» **The data**
= = =

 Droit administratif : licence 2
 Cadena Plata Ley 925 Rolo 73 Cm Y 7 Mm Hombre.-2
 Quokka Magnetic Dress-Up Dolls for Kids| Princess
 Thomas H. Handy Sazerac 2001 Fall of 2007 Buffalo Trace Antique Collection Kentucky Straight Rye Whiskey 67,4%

= = =

» **Work task**
A word-for-word copy of the listing is the expected answer.

» **Written response**
 Droit administratif : licence 2
 Cadena Plata Ley 925 Rolo 73 Cm Y 7 Mm Hombre.-2
 Quokka Magnetic Dress-Up Dolls for Kids| Princess
 Thomas H. Handy Sazerac 2001 Fall of 2007 Buffalo Trace Antique Collection Kentucky Straight Rye Whiskey 67,4%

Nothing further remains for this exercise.